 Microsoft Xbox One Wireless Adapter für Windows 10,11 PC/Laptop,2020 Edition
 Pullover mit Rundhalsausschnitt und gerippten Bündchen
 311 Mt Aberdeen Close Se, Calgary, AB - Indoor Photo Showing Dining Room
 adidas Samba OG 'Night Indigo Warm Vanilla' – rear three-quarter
______
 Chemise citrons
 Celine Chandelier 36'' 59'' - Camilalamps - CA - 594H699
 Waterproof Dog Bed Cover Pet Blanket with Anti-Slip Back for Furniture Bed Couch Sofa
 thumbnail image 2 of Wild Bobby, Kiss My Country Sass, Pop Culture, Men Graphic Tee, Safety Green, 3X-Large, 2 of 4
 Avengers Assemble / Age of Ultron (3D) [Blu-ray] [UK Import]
______
HOW TO COMPLETE THIS TASK:
Starting at the line above that contains "Microsoft Xbox One", repeat each line exactly up to and including the line that contains "adidas Samba OG", and stop there.

OUTPUT OF THE TASK:
 Microsoft Xbox One Wireless Adapter für Windows 10,11 PC/Laptop,2020 Edition
 Pullover mit Rundhalsausschnitt und gerippten Bündchen
 311 Mt Aberdeen Close Se, Calgary, AB - Indoor Photo Showing Dining Room
 adidas Samba OG 'Night Indigo Warm Vanilla' – rear three-quarter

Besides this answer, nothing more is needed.